Real Inflation Hits 17.1%, Producer Price Index Hits Highest on Record

According to almost everyone, inflation hit 8.5% in March 2022, year over year. We keep hearing comparisons to Jimmy Carter when inflation was 16%. We hear things like inflation is the highest hits been since 1980. It’s actually far worse than that.

According to Shadowstats.com, which is a site that tracks things like the real inflation numbers and the real unemployment rate, inflation hit 17.1% in March 2022. The reason they are reporting inflation at 8.5% is because the way we measure inflation changed in 1982 and then again in 1990. If we measured inflation the same way we did pre-1982, the official inflation number would be 17.1%.

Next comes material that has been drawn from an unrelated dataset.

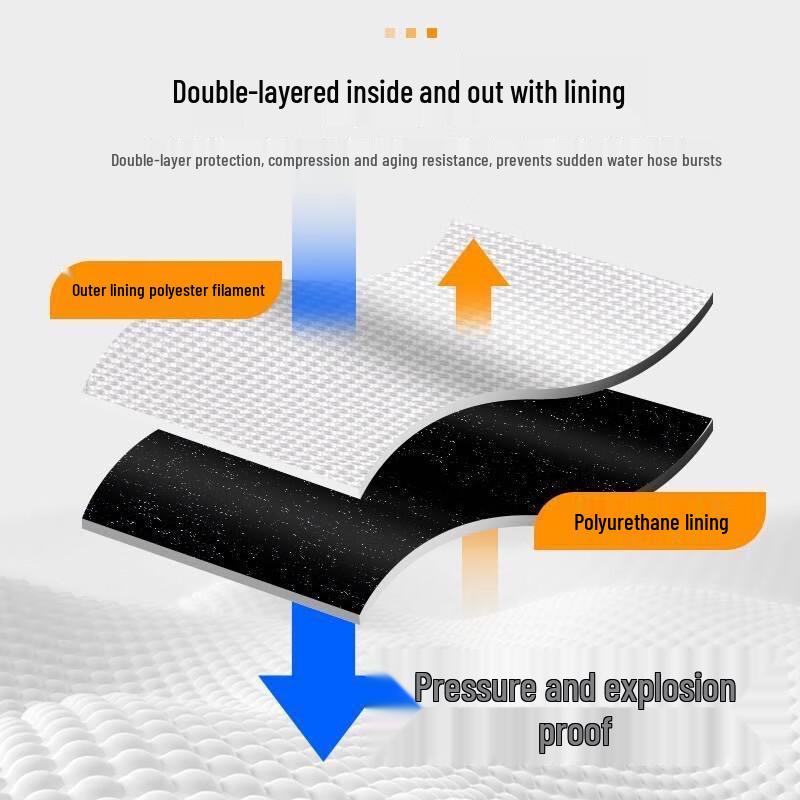 Fire Hydrant Direct Stream Nozzle & Hose Interface Kit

There are two main reasons why they report the 8.5% number as the accurate number and don’t tell you how bad inflation really is. That is because:

  1. The lower number sounds better, prevents you from panicking and thinking that things are out of control and it allows them to continue to print endless amounts of money because inflation is a little high but “It’s not that bad”. How many American’s know that the real inflation rate is actually higher now than in the 1970s and the highest it has been since……1919? Very few.
  2. The average American would be struggling if inflation was at 8.5%, let alone 17.1% but, it’s far worse for those on social security or anyone else that depends on income and a cost of living increase increase. We’ve probably all heard the story from someone that “I’m on social security and I’m struggling”, and that was even before inflation started to skyrocket. Imagine how much they are going to be struggling after a few years of this. But the government reporting the inflation number at 8.5% instead of 17.1% allows them to only give social security increases based off of the 8.5%. So with the way that the government now calculates the number, their social security increases are no where close to keeping up with inflation like it’s suppose to.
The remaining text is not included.